LIFT Technology Project Focuses on Lithium, the World’s Lightest Metal

3rd March 2016

LIFT, operated by the American Lightweight Materials Manufacturing Innovation Institute (ALMMII), has launched a technology project focused on predicting the performance of aluminum-lithium alloys – important materials for the next generation of jet engines and other aerospace applications.

Lead partners on the project, United Technologies Research Center and the University of Michigan will work on advanced computer simulations to better understand and predict the performance of aluminum-lithium alloys in formed parts. Engineers are interested in lithium because it is the lightest metal found in nature – just one atomic number heavier than helium. When combined with aluminum, lithium creates an alloy that is both lighter and stronger than aluminum alone.

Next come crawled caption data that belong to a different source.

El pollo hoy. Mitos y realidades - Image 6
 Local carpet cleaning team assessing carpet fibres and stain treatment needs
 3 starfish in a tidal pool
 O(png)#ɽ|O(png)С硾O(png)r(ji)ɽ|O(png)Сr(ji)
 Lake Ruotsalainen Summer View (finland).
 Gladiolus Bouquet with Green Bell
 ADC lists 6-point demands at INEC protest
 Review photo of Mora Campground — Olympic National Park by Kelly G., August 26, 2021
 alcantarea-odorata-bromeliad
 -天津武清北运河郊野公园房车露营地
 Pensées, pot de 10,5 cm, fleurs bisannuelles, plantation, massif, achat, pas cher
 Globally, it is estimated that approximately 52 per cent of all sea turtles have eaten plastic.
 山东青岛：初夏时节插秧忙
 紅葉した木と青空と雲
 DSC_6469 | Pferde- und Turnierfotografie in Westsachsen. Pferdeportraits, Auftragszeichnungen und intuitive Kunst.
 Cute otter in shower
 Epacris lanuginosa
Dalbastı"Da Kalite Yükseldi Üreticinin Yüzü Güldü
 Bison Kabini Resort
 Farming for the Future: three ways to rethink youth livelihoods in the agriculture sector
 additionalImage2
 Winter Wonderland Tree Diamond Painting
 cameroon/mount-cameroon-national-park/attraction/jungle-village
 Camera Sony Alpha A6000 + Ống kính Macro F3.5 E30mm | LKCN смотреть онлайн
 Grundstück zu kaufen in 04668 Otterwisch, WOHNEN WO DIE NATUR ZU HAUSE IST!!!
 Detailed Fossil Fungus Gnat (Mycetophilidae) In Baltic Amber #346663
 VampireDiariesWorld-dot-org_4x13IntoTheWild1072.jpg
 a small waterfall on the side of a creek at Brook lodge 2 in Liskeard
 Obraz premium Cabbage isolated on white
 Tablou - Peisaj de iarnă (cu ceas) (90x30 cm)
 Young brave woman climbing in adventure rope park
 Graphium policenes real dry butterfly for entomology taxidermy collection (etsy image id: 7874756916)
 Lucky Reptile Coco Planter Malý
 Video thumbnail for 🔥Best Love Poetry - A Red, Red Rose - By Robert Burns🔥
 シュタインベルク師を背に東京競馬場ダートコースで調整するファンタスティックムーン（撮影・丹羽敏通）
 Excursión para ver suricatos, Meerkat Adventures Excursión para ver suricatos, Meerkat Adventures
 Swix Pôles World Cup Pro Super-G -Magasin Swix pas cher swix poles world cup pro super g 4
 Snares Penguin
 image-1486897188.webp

Alex Staroselsky, principal research engineer, United Technologies Research Center is leading the industry side of the project partnership, which also includes material process modeling and simulation of the properties evolution during industrial operations. He said, “Any company interested in these alloys may benefit from what we develop, but we are really focused on improving turbine engine components for the aerospace industry.” The project expects to develop a predictive simulation tool that can be calibrated and validated against practical experience and various lab experiments to be performed at Case Western Research University and The Ohio State University.

John Allison, LIFT Technical Leader for Integrated Computational Materials Engineering (ICME), said, “Earlier aluminum-lithium alloys sometimes had issues with cracking or performing in high temperature environments. The latest generation of these alloys show great improvements in several areas, but we really need more integrated computer models to predict their performance at a number of steps, from their atomic structure right up to a finished component.”

Allison added, “Aluminum-lithium alloys often have a microstructure analogous to the grain in wood. It behaves differently when you bend it in one direction rather than another. The unique interdisciplinary team  expects to develop what’s called crystal plasticity modeling to predict the final microstructure in an alloy. That in turn defines the mechanical properties of the alloy as it’s formed into a part.”

Alan Taub, chief technology officer at LIFT said, “With the right computational tools we can design new components both faster and better. The newer designs can deliver the same performance using less material – saving even more weight using an already lightweight metal.”

Lockheed Martin is the other industry partner on the project. Case Western Reserve University, The Ohio State University, and Southwest Research Institute will contribute to the two-year project as research participants.